EN LA COMEDIA humana de Scola hay de todo, desde el ajuste de cuentas generacional hasta los saldos agridulces del compromiso político de izquierda. Un grupo de cincuentones se reúne para evocar glorias pasadas y rumiar fracasos amorosos y artísticos (La terraza), se revisa la historia italiana reciente en una película sin diálogos, a base de música popular, perfiles pintorescos y encuentros amorosos apenas esbozados (El baile), se asiste a la inminente clausura de una vieja sala de cine y al requiem de una manera colectiva de disfrutar la pantalla (Splendor). En La familia, un octogenario (Vittorio Gassman) recuerda en su cumpleaños la ascensión del fascismo y alguno de sus amores frustrados. En esta película, el esquema narrativo de Scola mostraba ya su desgaste y su contraste con formas más ágiles de actualizar la comedia, el cine de Moretti o el del fenómeno mayor de la era Berlusconi: el cómico y director Roberto Begnini.

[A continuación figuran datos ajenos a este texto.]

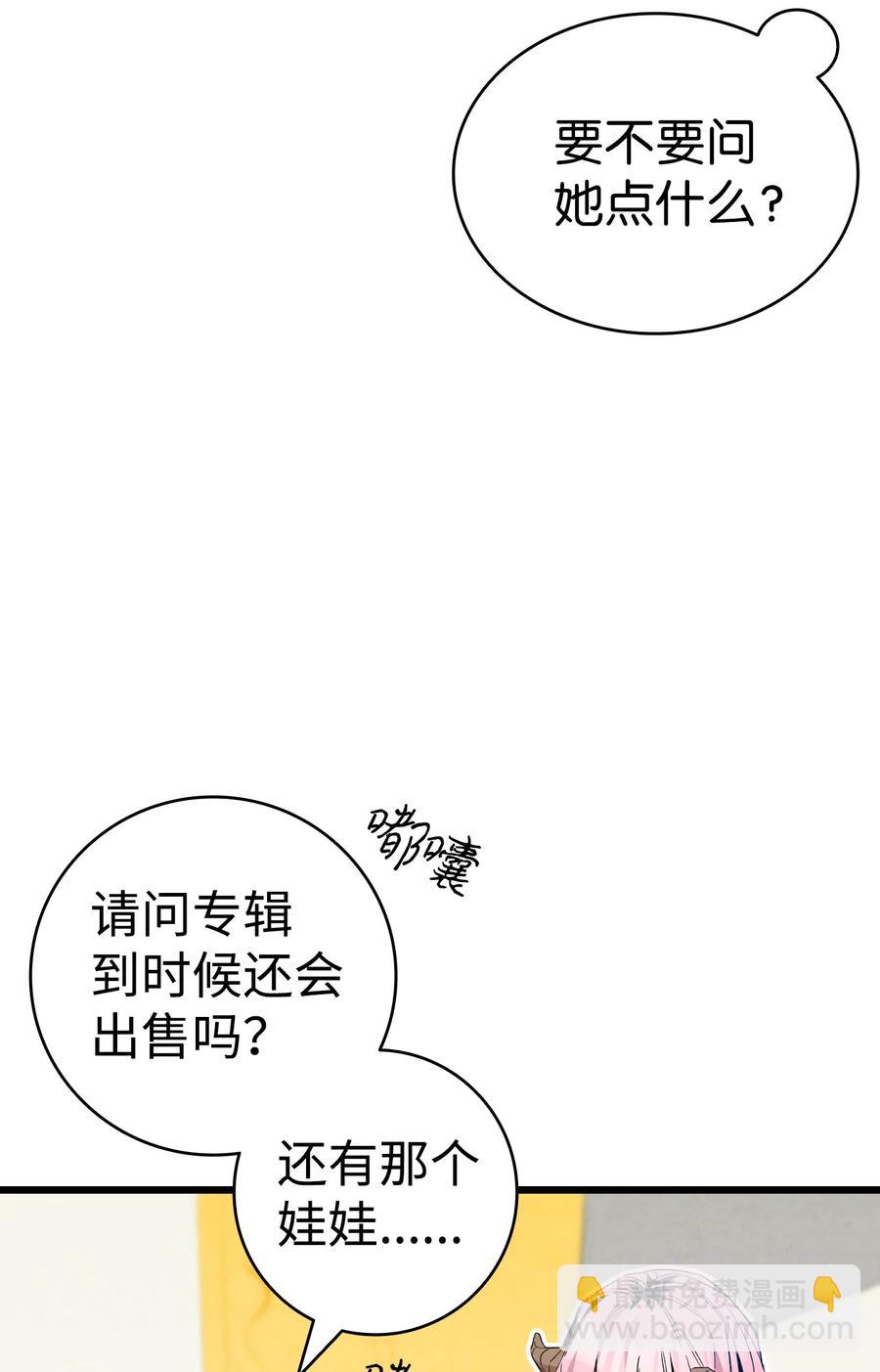 86 回本家(1/2)-第86话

DESPUES DE una década de intentos infructuosos por elaborar un cine más intimista, desconocido en México, Scola regresa en La cena (1998) a la pequeña sinfonía coral, con sus actores favoritos (Vittorio Gassman, la bonhomía patriarcal; Stefania Sandrelli, la carne vencida, el ánimo exultante), en un espacio mágico, un restaurante romano, con doce mesas y 50 comensales, donde por espacio de dos horas se presentarán fragmentos de las penurias y magros goces existenciales de la clientela. El relato es pesado, en pocas ocasiones divertido y continuamente se resuelve en catarsis demasiado obvias. Conversaciones truncas, repertorio de clichés culturales y estereotipos -el burócrata frustrado, la madre desobligada, los turistas japoneses pegados a la Polaroid, eternamente sonrientes, los comunistas cansados, la ninfómana posfelliniana, los actores al borde de la jubilación, la juventud atenta al piercing y ajena por completo a la política. Es un poco la cocina de Greenaway (El cocinero, el ladrón...), pero sin vísceras, sin sal y sin pimienta. Apenas algún chispazo en los diálogos: Un chef le confiesa a varios clientes: ''A mí la juventud me cae en los huevos" Alguien le contesta. ''A ellos los viejos también les caen en los huevos". ''Pero los suyos son más resistentes", tercia alguien más. Otro añade: ''A mí jóvenes y viejos me caen por igual en los huevos", mientras alguien concluye: ''Por eso yo prefiero caerle en los huevos a todos". Sin duda, esta discusión fue lo que más interesó a un público al que la película parecía caerle otro tanto.